Sequestration
9:26 am
Tue April 9, 2013

Sequestration And The Lincoln Home

Bob Sablotny is leading a tour of about 15 people. That’s the maximum amount allowed in a tour-group at the Abraham Lincoln Home in Springfield for safety and preservation reasons. The home is the only one Lincoln ever owned and it’s where he lived when elected president.

Illinois Public Radio's Rachel Otwell reports on the effects of sequestration on the Lincoln Home

SABLOTNY: “…The kitchen we’re in is pretty close to the same size as the one-room log cabin Abraham Lincoln was born in. But it gives you a real sense of the journey Lincoln takes from a space like this eventually to this 3,200 square foot two-story house, and then a  little bigger place, you know, the White House…”

Sablotny’s a seasonal worker here at the park, which includes four blocks of historical homes. Unlike other Lincoln sites in the city that are state operated, this is a national park.  As a result of the sequester that went into effect earlier this year, historic sites likes this one are watching their budgets shrink further than they already have over past years. Here in Springfield, that means the jobs of people like Sablotny are at stake.

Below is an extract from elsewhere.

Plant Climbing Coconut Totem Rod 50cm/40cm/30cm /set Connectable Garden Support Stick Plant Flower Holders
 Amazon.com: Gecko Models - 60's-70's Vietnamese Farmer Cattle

Dale Phillips is superintendent for the Lincoln Home. He says as a direct result of the sequester – the home is losing $140,000 this fiscal year, about five percent of its overall budget. Phillips says that means the budget to run the site is down about $600,000 in 3 years. So what does that mean for operations?

PHILLIPS: “What I’ve had to do in a nutshell is basically reduce all non-essential travel and training. Reduce the bulk of my over-time. The bulk of my supply -money. We’ve pulled back from all external activities. Going out to school groups, doing any activity. I had to bring all of my staff back into the park to meet the basic core mission which is of course providing visitor services here for the home and for the visitor’s center.”

Phillips says all hands are on deck, including his. He’s always involved with virtually every aspect of the park, but now he too will be giving tours of the home. Luckily though, he says, there are also volunteers to fill in the gaps:

PHILLIPS: “Our volunteers logged over 6,000 hours last year. They maintain a lot of the garden, the landscaping, the visitor’s center. Without those volunteers we would really be up the ol’ creek without a paddle.”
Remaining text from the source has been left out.